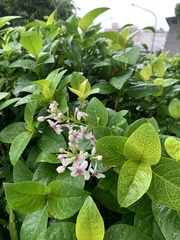 Pseuderanthemum maculatum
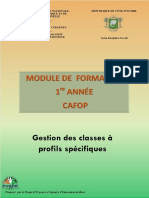 Module Gestion Des Classes À Profil Spécifique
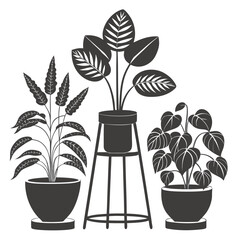 Stylish Monochrome Houseplants: Three potted plants on a plant stand, minimalist design, modern home decor.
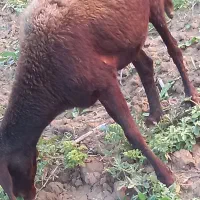 گوسفند شیشک آبستن توضیحات کامل نوشته شده است|حیوانات مزرعه|آزادشهر, |دیوار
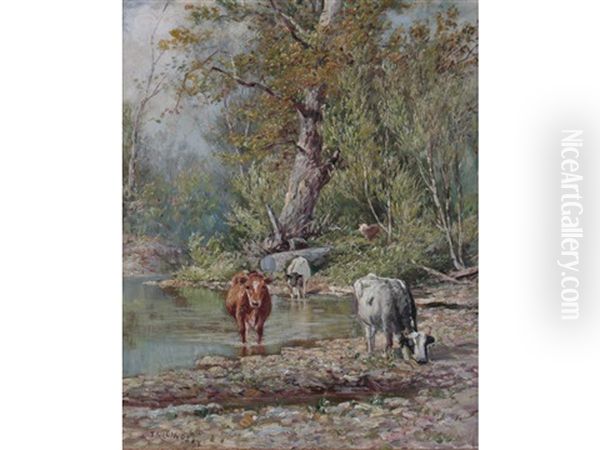 Cows In Summer - view 1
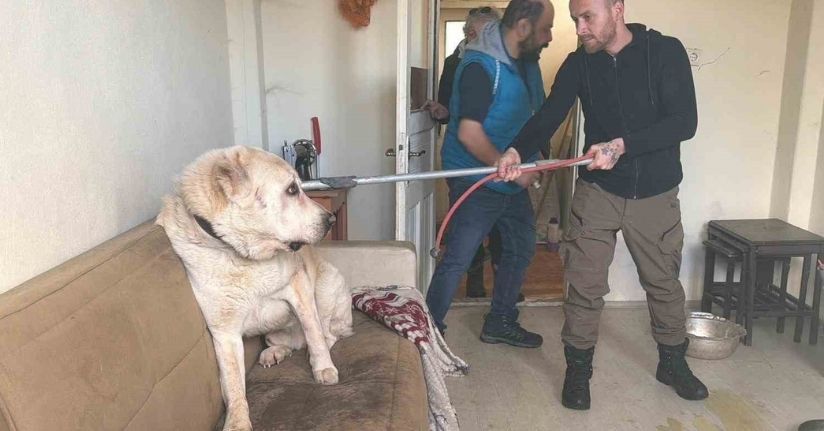 Sınır dışı edilen Rus kadının evinde 4 gündür aç olan 12 hayvan kurtarıldı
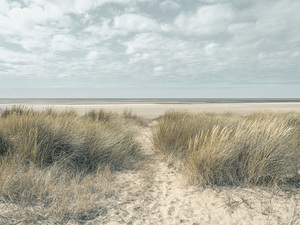 Grassy Dunes and Coastal Peace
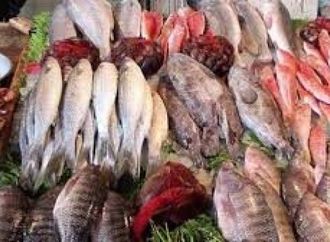 البلطي والفيليه والجمبري.. قائمة أسعار الأسماك بالأسواق اليوم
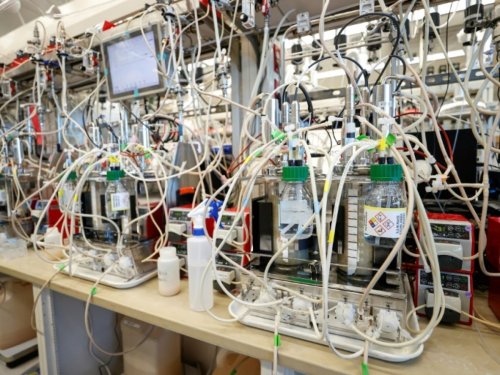 Une entreprise américaine recycle les gaz des usines en produits du quotidien - Sciences et Avenir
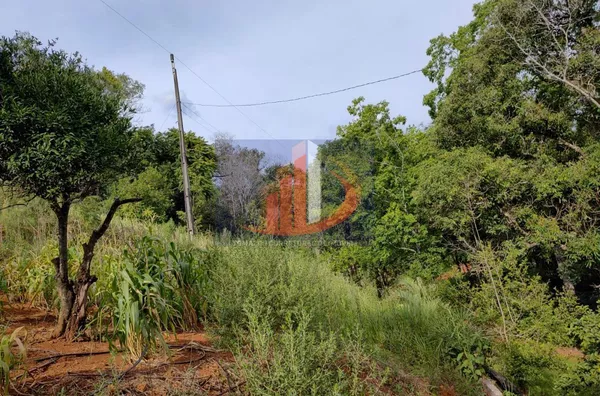 Chácara para Venda em Mangueirinha / PR no bairro Zona Rural - Foto 8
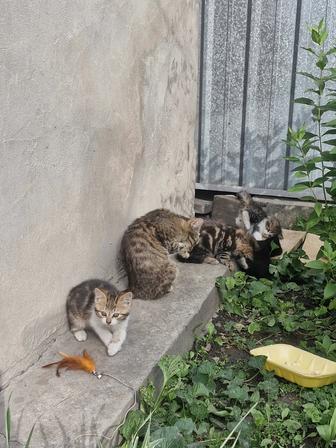 Котят отдам в хорошие руки окрас мраморный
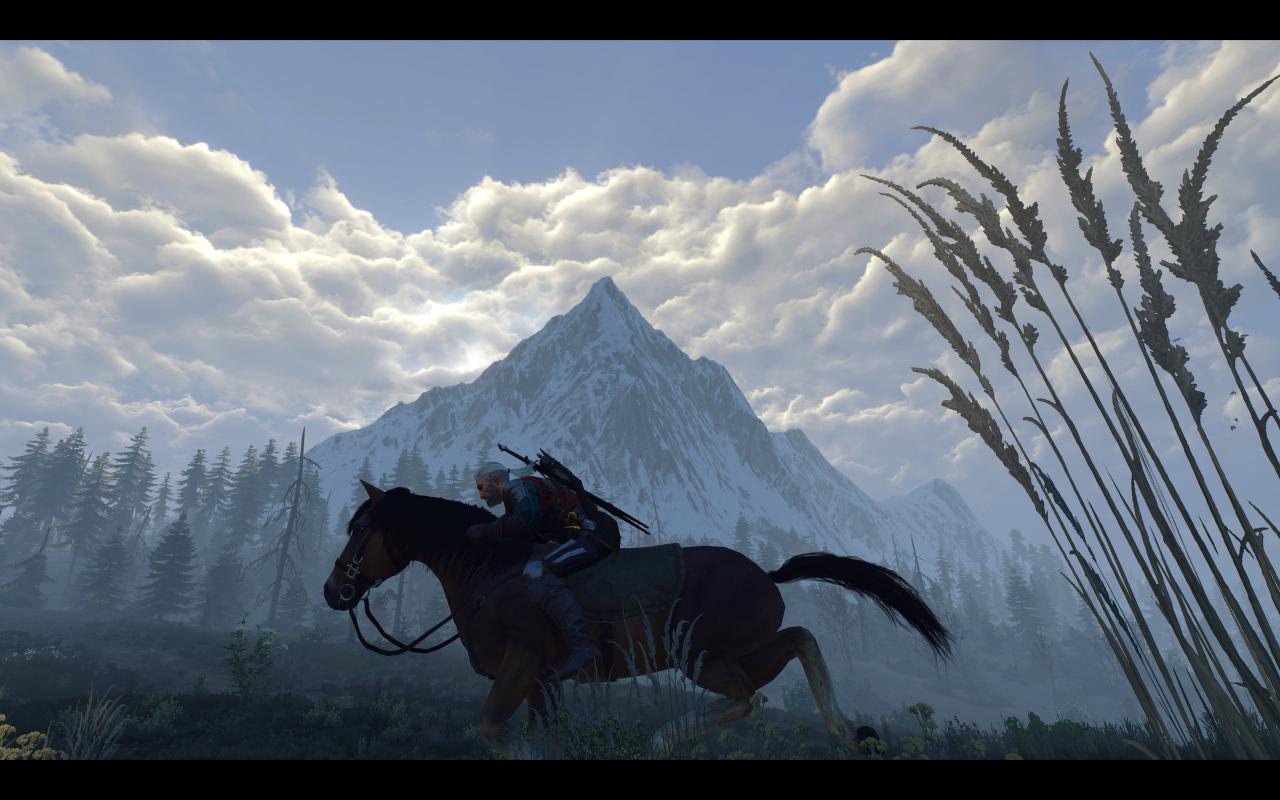 [13/05/2015] Screenshots aus The Witcher 3 (2)
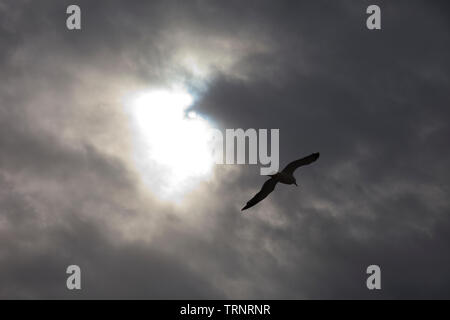 Gaviota sobre Río Tajo. Barrio Belém, Ciudad de Lisboa, Portugal, Península Ibérica, Europa Stockfoto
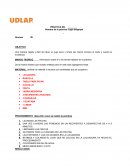 Nombre de la práctica Jugo antigripal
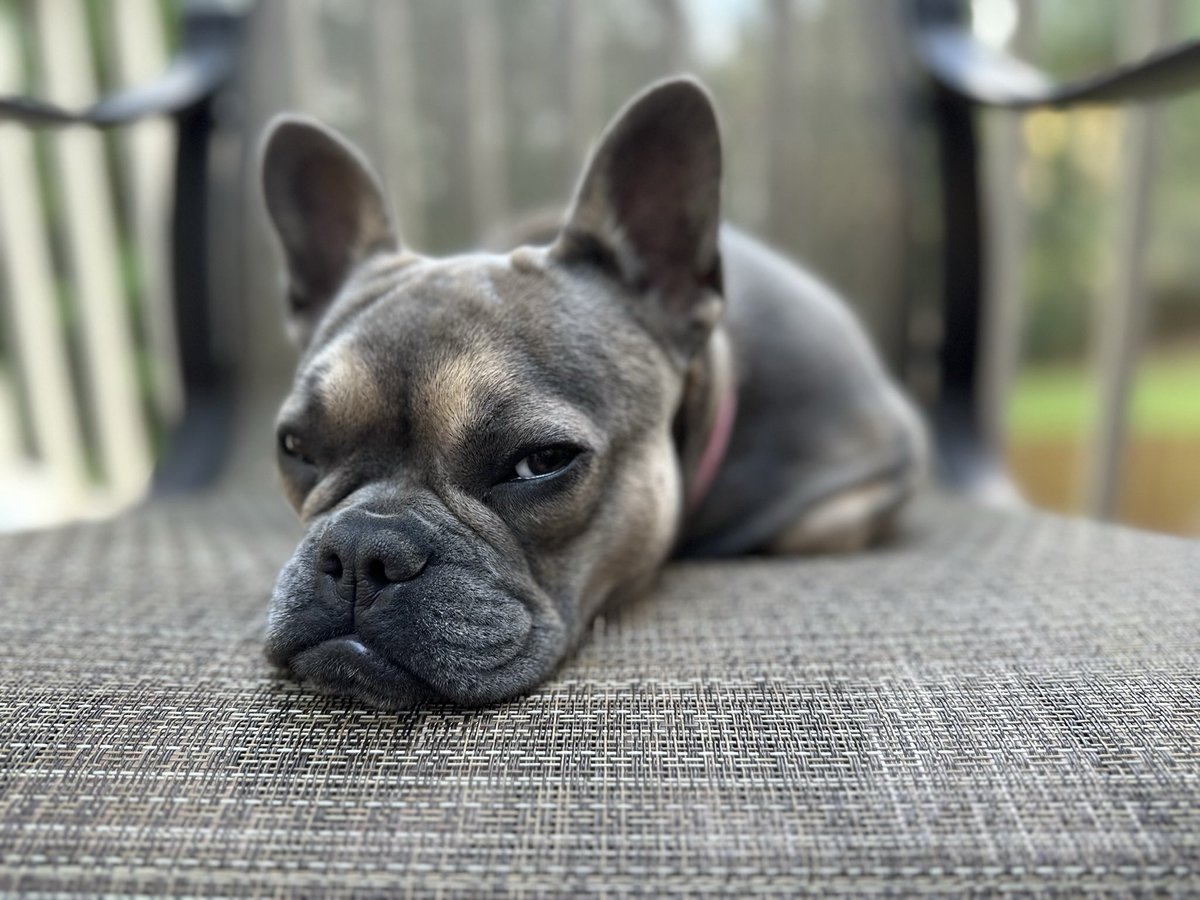 Mike Bales 🫡🇺🇸 (@mikebales) on Twitter photo My sleeping pattern isn’t even a pattern. It’s a freestyle. 😣
Good morning….. My sleeping pattern isn’t even a pattern. It’s a freestyle. 😣
Good morning…..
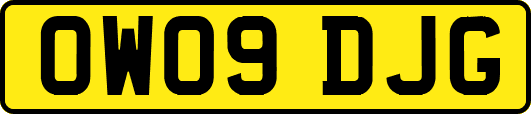 OW09DJG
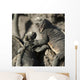 Two Marine Iguanas Showing Affection Wall Mural
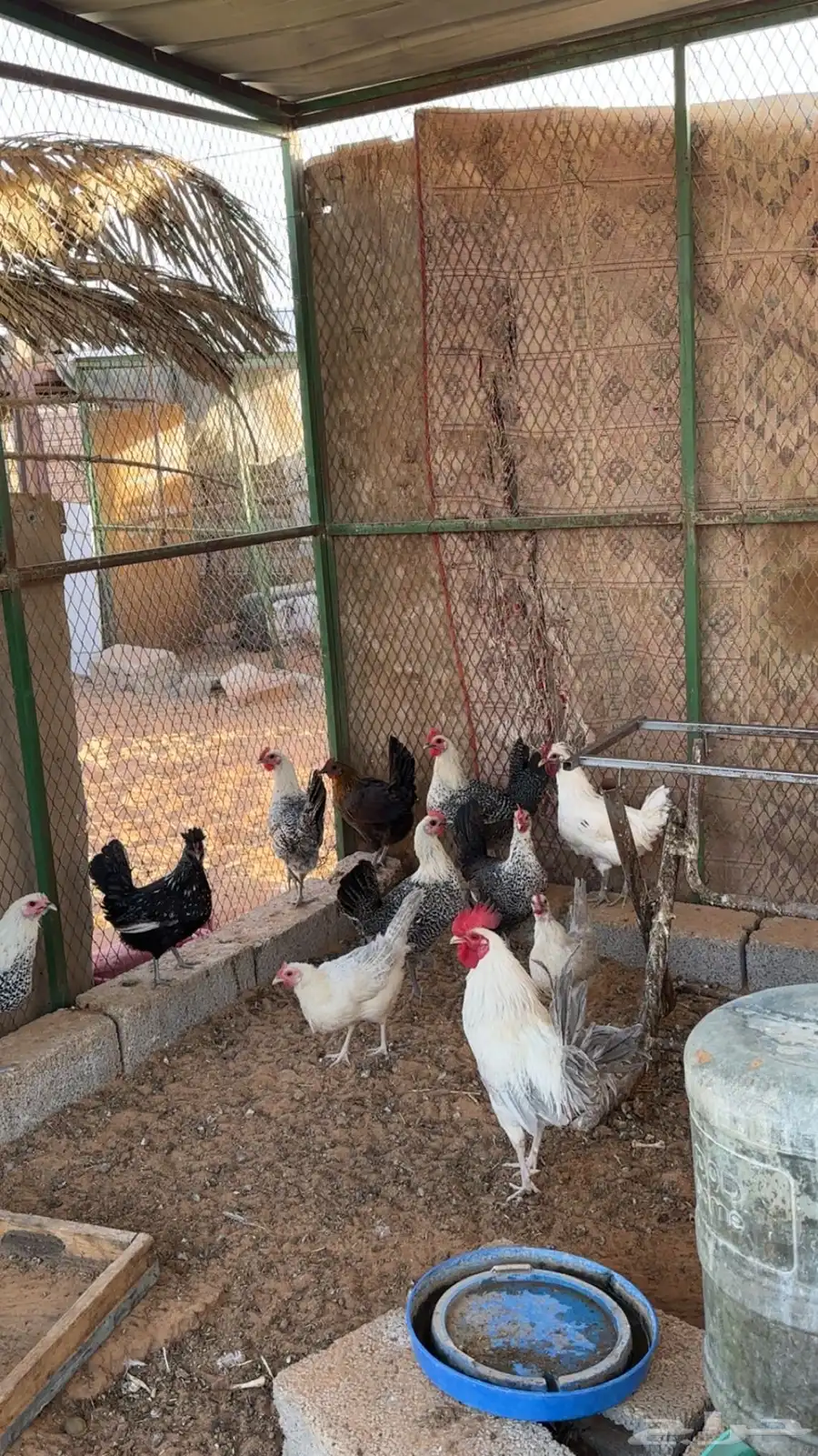 دجاج للبيع 0
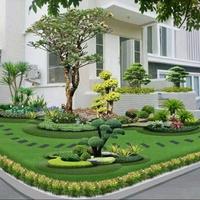 Gambar dekorasi taman / pembuatan / taman rumput / kamboja bali / bonsai dari AdawiyahFlora undefined 1 Tokopedia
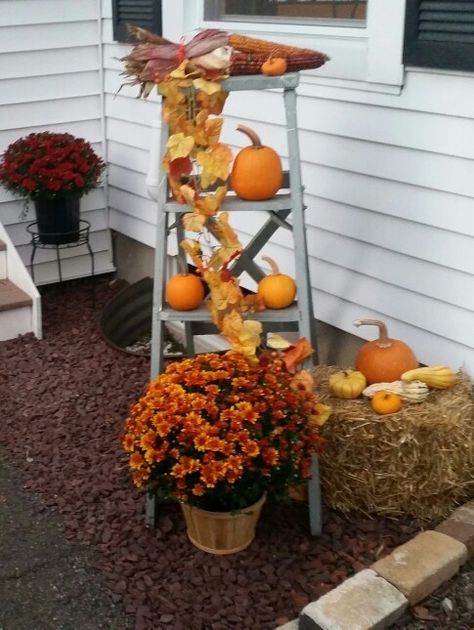 Ladder decor Fall Ladder Decor Ideas Outdoor, Step Ladder Decor Display Ideas, Fall Ladder Decor Ideas, Fall Yard Display, Mini Ladder Decor, Flower Ladder, Garden Ladder, Fall Yard Decor, Fall Yard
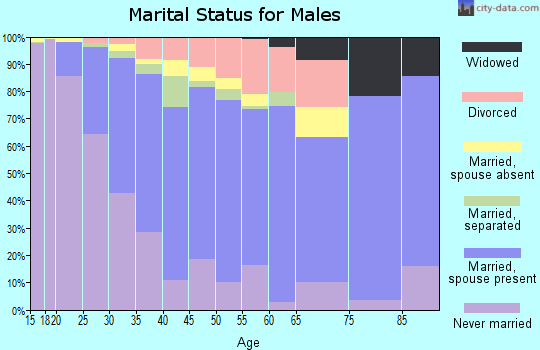 Zip code 89142 marital status for males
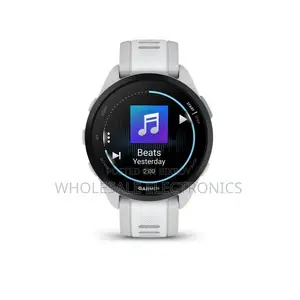 GARMIN FORERUNNER 165 MUSIC MIST GRAY / WHITESTONE (Only Pre-Order)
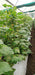 Lucro F1 Hybrid Cucumber for Indoor/Polyhouse (Konico Seed's) - Farmers Stop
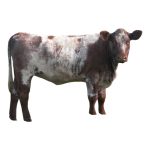 Roan Shorthorn Heifer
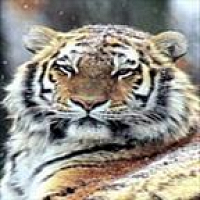 Фото Василина Д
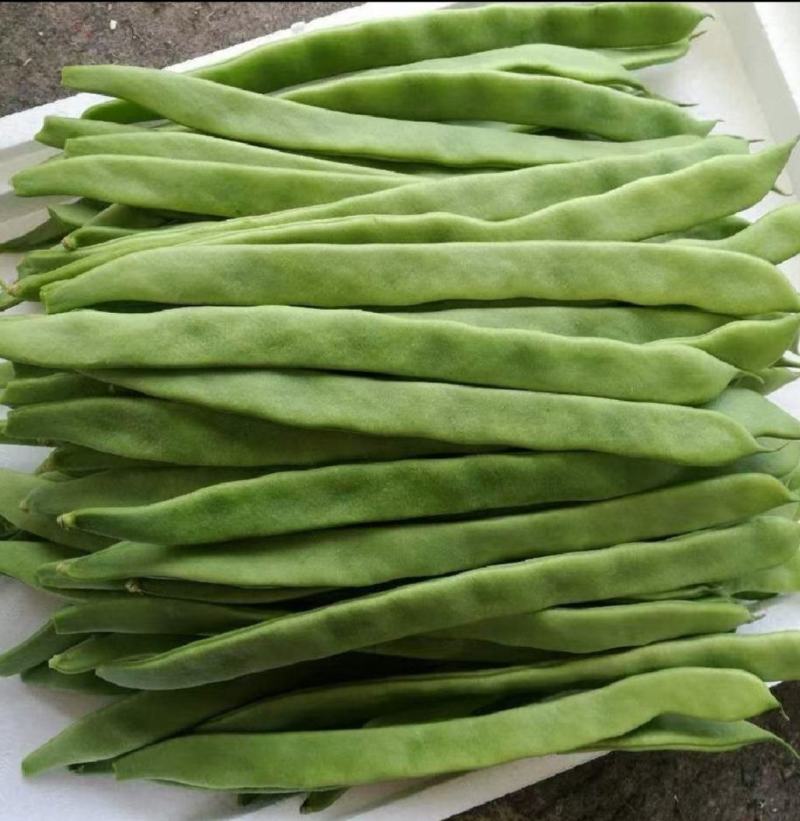 热卖扁青芸豆大扁山东扁豆代加工包装大量上市中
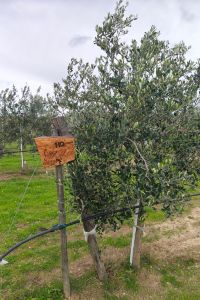 hq-group-giardino-aziendale-01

::::::::::

### WHAT NEEDS TO BE DONE:
When copying, output the data exactly and leave out the pictures.

### RESULT OF THIS TASK:
 Pseuderanthemum maculatum
 Module Gestion Des Classes À Profil Spécifique
 Stylish Monochrome Houseplants: Three potted plants on a plant stand, minimalist design, modern home decor.
 گوسفند شیشک آبستن توضیحات کامل نوشته شده است|حیوانات مزرعه|آزادشهر, |دیوار
 Cows In Summer - view 1
 Sınır dışı edilen Rus kadının evinde 4 gündür aç olan 12 hayvan kurtarıldı
 Grassy Dunes and Coastal Peace
 البلطي والفيليه والجمبري.. قائمة أسعار الأسماك بالأسواق اليوم
 Une entreprise américaine recycle les gaz des usines en produits du quotidien - Sciences et Avenir
 Chácara para Venda em Mangueirinha / PR no bairro Zona Rural - Foto 8
 Котят отдам в хорошие руки окрас мраморный
 [13/05/2015] Screenshots aus The Witcher 3 (2)
 Gaviota sobre Río Tajo. Barrio Belém, Ciudad de Lisboa, Portugal, Península Ibérica, Europa Stockfoto
 Nombre de la práctica Jugo antigripal
 Mike Bales 🫡🇺🇸 (@mikebales) on Twitter photo My sleeping pattern isn’t even a pattern. It’s a freestyle. 😣
Good morning….. My sleeping pattern isn’t even a pattern. It’s a freestyle. 😣
Good morning…..
 OW09DJG
 Two Marine Iguanas Showing Affection Wall Mural
 دجاج للبيع 0
 Gambar dekorasi taman / pembuatan / taman rumput / kamboja bali / bonsai dari AdawiyahFlora undefined 1 Tokopedia
 Ladder decor Fall Ladder Decor Ideas Outdoor, Step Ladder Decor Display Ideas, Fall Ladder Decor Ideas, Fall Yard Display, Mini Ladder Decor, Flower Ladder, Garden Ladder, Fall Yard Decor, Fall Yard
 Zip code 89142 marital status for males
 GARMIN FORERUNNER 165 MUSIC MIST GRAY / WHITESTONE (Only Pre-Order)
 Lucro F1 Hybrid Cucumber for Indoor/Polyhouse (Konico Seed's) - Farmers Stop
 Roan Shorthorn Heifer
 Фото Василина Д
 热卖扁青芸豆大扁山东扁豆代加工包装大量上市中
 hq-group-giardino-aziendale-01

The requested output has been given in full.